CREATE TABLE daily_activity (
`index` INT,
`CustomerId` INT,
`ActivityDate` DATE,
`ActivityType` INT
)
LOAD DATA INFILE "C:/ProgramData/MySQL/MySQL Server 8.0/Uploads/data.csv" INTO TABLE daily_activity
FIELDS TERMINATED BY ','
IGNORE 1 LINES;
For some reason there are a few missing CustomerID, but we will let that go for the sake of time.
>> SELECT count(distinct CustomerID) FROM daily_activity
9889
suppose we are using a table named dim_customer
to keep track of each customer's acquisition date.
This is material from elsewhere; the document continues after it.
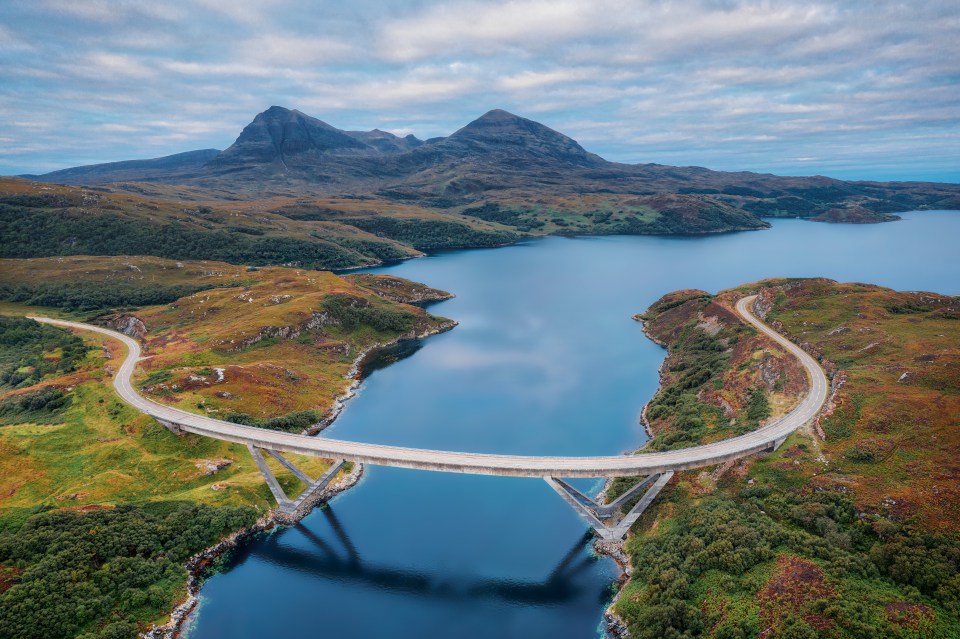 a bridge over a body of water with mountains in the background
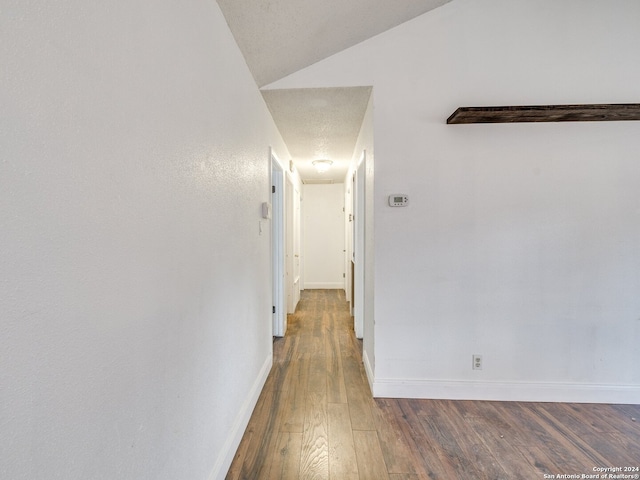 hallway with a textured ceiling, dark hardwood / wood-style flooring, and lofted ceiling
suppose we are continuously upsert-ing into dim_customer (which contains the AcquisitionDate),
from the daily_activity table
we could use the following code:
CREATE TABLE dim_customer (
`CustomerId` INT KEY,
`AcquisitionDate` DATE
)
delimiter //
CREATE DEFINER=`root`@`%` PROCEDURE `update_dim_customer`(`date` DATE)
BEGIN
INSERT IGNORE INTO dim_customer
SELECT
COALESCE(dc.CustomerId, ac.CustomerId) AS CustomerId,
ac.ActivityDate AS AcquisitionDate
FROM dim_customer dc
RIGHT JOIN (
SELECT
CustomerId,
ActivityDate
FROM daily_activity
WHERE
ActivityType = 0
AND ActivityDate = `date`
GROUP BY 1, 2
) ac
ON dc.CustomerId = ac.CustomerId
GROUP BY 1, 2;
END
delimiter //
CREATE PROCEDURE doiterate()
BEGIN
SET @running_date = '2017-01-01';
SET @num = 0;
label1: LOOP
SET @num = @num + 1;
SET @running_date = DATE_ADD(@running_date, INTERVAL 1 DAY);
CALL update_dim_customer(@running_date);
IF @num < 365 THEN
ITERATE label1;
END IF;
LEAVE label1;
END LOOP label1;
END;
Finally, calling the doiterate function
CALL doiterate()
SELECT * FROM demo.dim_customer ORDER BY AcquisitionDate;
CustomerId | AcquisitionDate |
---|---|
3418 | 2017-01-01 |
1641 | 2017-01-01 |
5642 | 2017-01-01 |
4307 | 2017-01-01 |
7302 | 2017-01-01 |
... | ... |
We have exactly one entry for each distinct CustomerID in daily_activity
>> SELECT COUNT(*) FROM demo.dim_customer;
9889
Let's run the below code for deducing the customer activity level since sign-up
by replacing <MIN_DATE> with '2017-01-01'
SELECT
DATEDIFF(ac.ActivityDate, dc.AcquisitionDate) AS DaySinceAcquisition,
COUNT(DISTINCT ac.CustomerId) AS D1ActiveCustomers
FROM dim_customer dc
LEFT OUTER JOIN (
SELECT
CustomerId,
ActivityDate
FROM daily_activity
WHERE
ActivityType IN (0, 1)
AND ActivityDate >= '<MIN_DATE>'
GROUP BY 1,2
) ac
ON dc.CustomerId = ac.CustomerId
AND dc.AcquisitionDate <= ac.ActivityDate
WHERE
dc.AcquisitionDate >= '<MIN_DATE>'
GROUP BY 1
DaySinceAcquisition | D1ActiveCustomers |
---|---|
0 | 9889 |
1 | 665 |
2 | 673 |
3 | 708 |
4 | 700 |
5 | 739 |
Now let's see the decay pattern, which we expect to be constant (uniformly distributed and not really decaying)
And it looks ugly but is exactly what we expected. In real life, it should display an actual decaying pattern.